The majority opinion relies on a footnote to Judge Campbell's concurring opinion in Abrams, but the language quoted is taken out of context. Judge Campbell joined his colleagues on the Abrams court in concluding that the warrant to search all the doctor's records over an unlimited time period was unconstitutional. Judge Campbell would not have limited the time period as narrowly as the majority opinion's dicta suggested. Judge Campbell wrote in Abrams:
. . . . I am not satisfied that the general statement [in the affidavit] measures up to the particularity expressly required by the Fourth Amendment. At least, this is so where the search and seizure is directed at medical files, and not at files of a substantially or wholly illegal enterprise, involving privacy interests of a lessor character. The government, moreover, should have been able to do better. Surely its records reflected the names of patients for whom Dr. Abrams had obtained Medicare-Medicaid reimbursement, and in what amounts. Could it not have named these patients in the warrant and directed the seizure of evidence of the services performed with respect to these individuals? At [the] very least, the relevant time frame should have been indicated.
 My brothers suggest that `if an affidavit contains an averment by an employee that fraudulent practice were regularly pursued during his or her employment, and the term of such employment is set forth, the warrant could authorize the seizure of all records of Medicare and Medicaid services billed and purportedly performed during that period.' (Emphasis added.) I think my brothers are a bit narrow in their view of the relevant time frame. The fact that a former employee indicates that certain fraudulent practices are being regularly followed during the period of his or her employ might, I think, depending upon the circumstances, supply probable cause to believe that the fraud continued for a reasonable time in the future. I think the same sort of analysis could also be applied in regards to the seizure of records dating prior to the time of the employee's tenure.

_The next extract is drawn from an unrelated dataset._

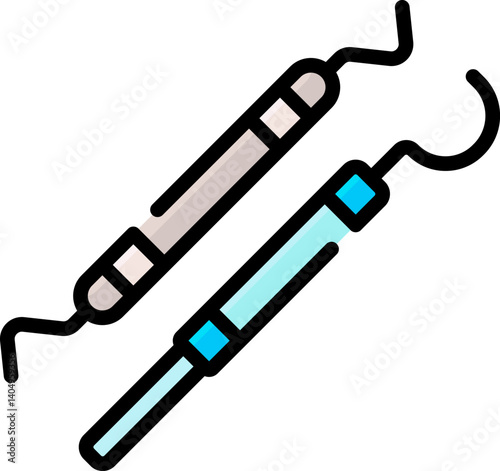 dental probe Illustration on a white background     
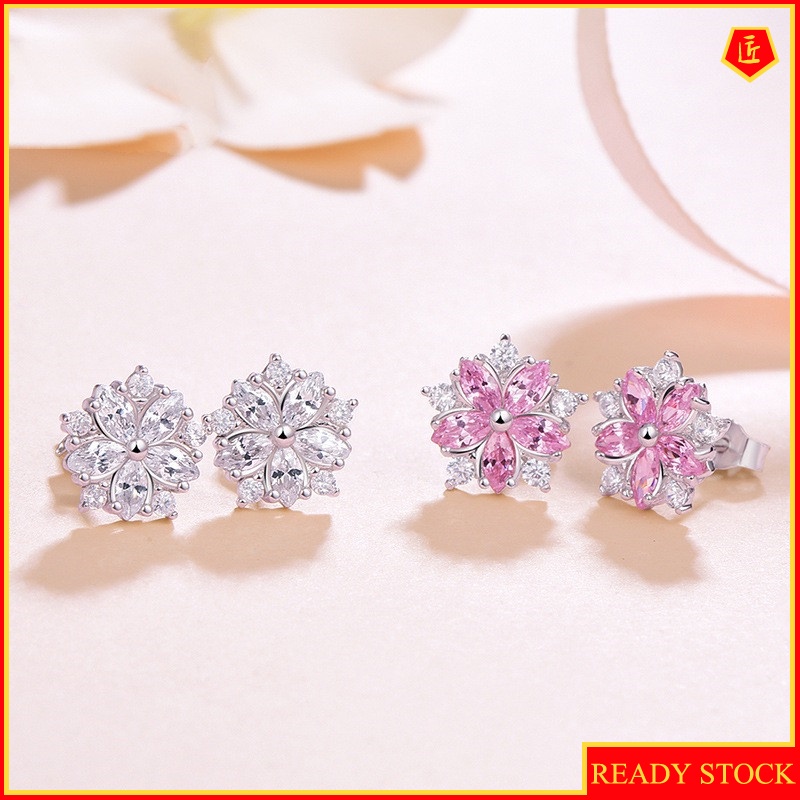 [Ready Stock]Pink Diamond Cherry Blossom Stud Earrings Elegant Sweet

When viewed in context, Judge Campbell's statements do not support the majority opinion in this case; they support the position that the warrant in this case is unconstitutional. The affidavit in this case fails to adequately identify any rational nexus between the time of the informant's employment at DeSmidt's office and prior acts of medicaid or insurance fraud. As in Abrams, the search warrant failed to support the inference of a probability of fraud for the entire time Dr. DeSmidt practiced dentistry.
I conclude that a warrant authorizing the search and seizure of "all" patient and business files without limitations on the nature of the records or the period of time amounts in this case to the government's wholesale rummaging through documents prohibited by the fourth amendment.